» ASSIGNMENT: For the entries below, copy exactly the line that contains "Mercedes-Benz GLB-Class: un" through the line that contains "iPhone 13 Pro", both ends included, and exclude all pictures.
····················
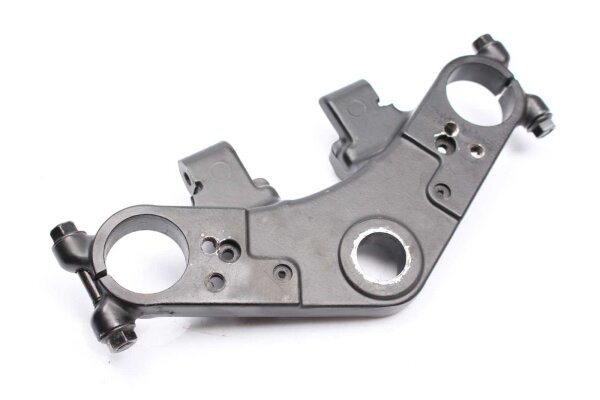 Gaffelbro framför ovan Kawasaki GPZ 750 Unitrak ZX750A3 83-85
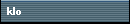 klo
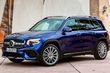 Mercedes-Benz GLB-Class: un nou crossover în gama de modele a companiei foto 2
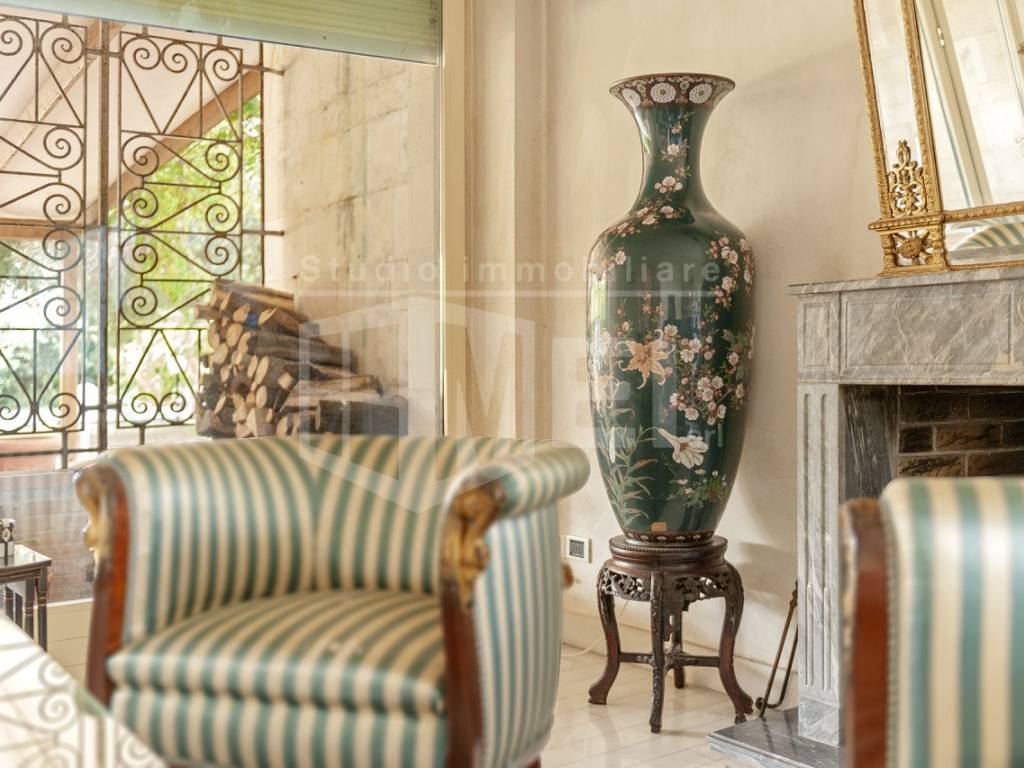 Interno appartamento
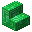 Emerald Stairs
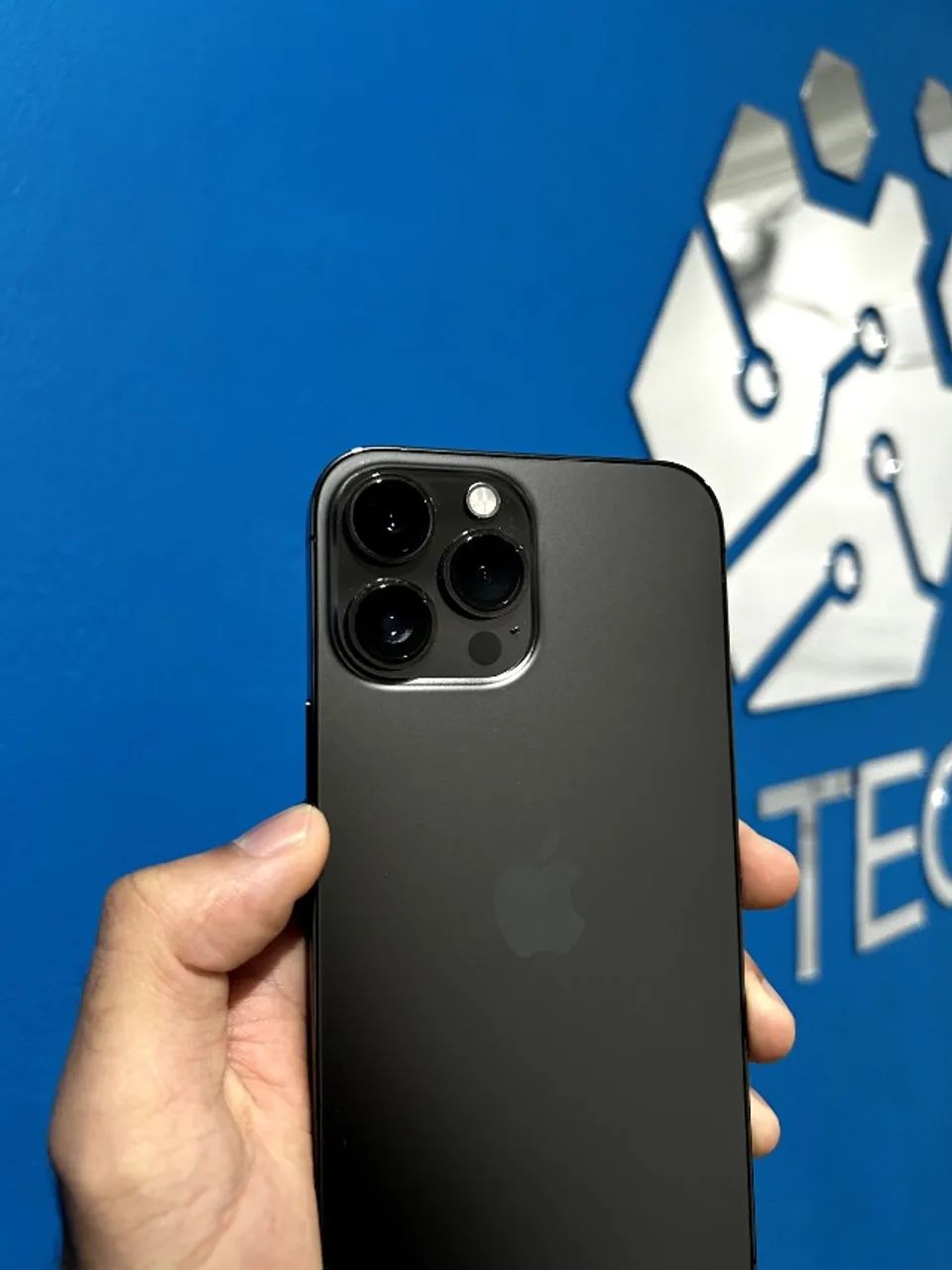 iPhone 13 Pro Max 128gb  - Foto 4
····················
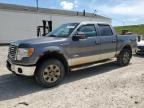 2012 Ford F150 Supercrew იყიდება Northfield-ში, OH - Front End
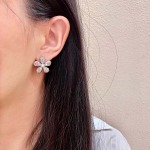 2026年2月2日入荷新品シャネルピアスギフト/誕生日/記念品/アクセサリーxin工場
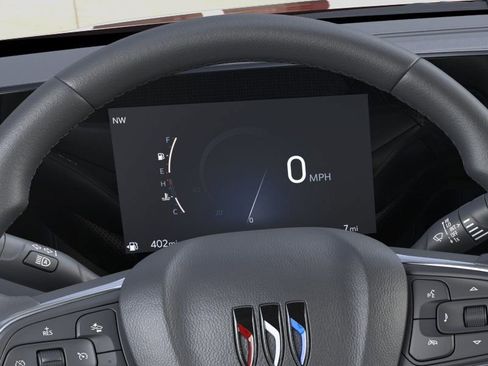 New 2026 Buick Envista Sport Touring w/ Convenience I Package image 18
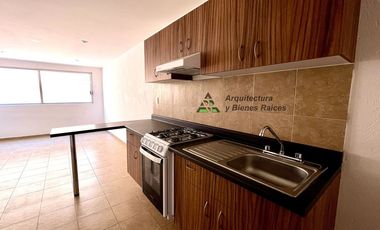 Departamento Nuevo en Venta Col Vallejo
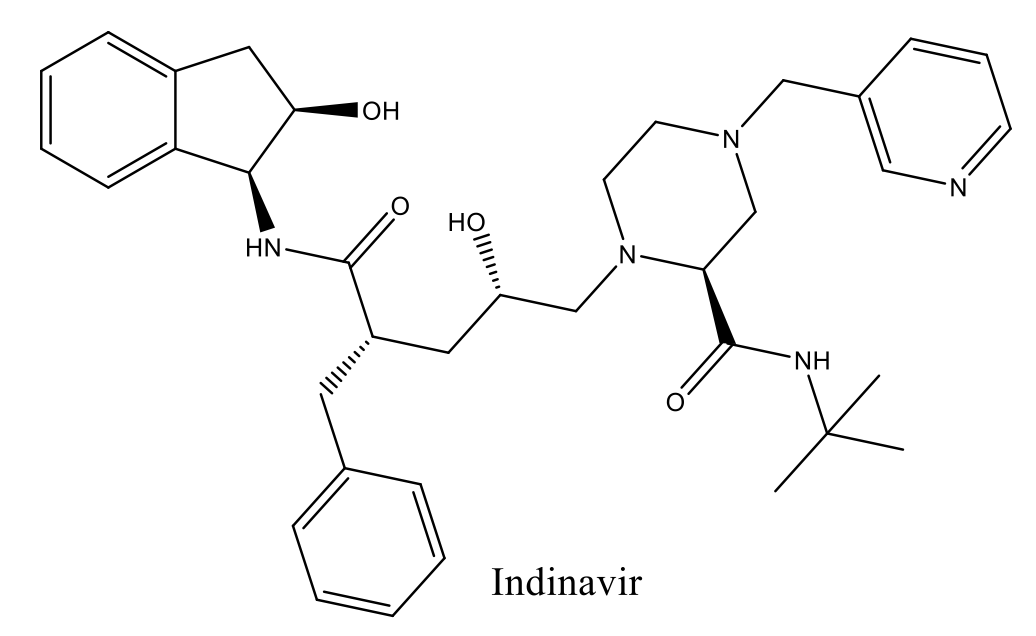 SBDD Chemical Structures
····················
» YOUR SOLUTION:
 Mercedes-Benz GLB-Class: un nou crossover în gama de modele a companiei foto 2
 Interno appartamento
 Emerald Stairs
 iPhone 13 Pro Max 128gb  - Foto 4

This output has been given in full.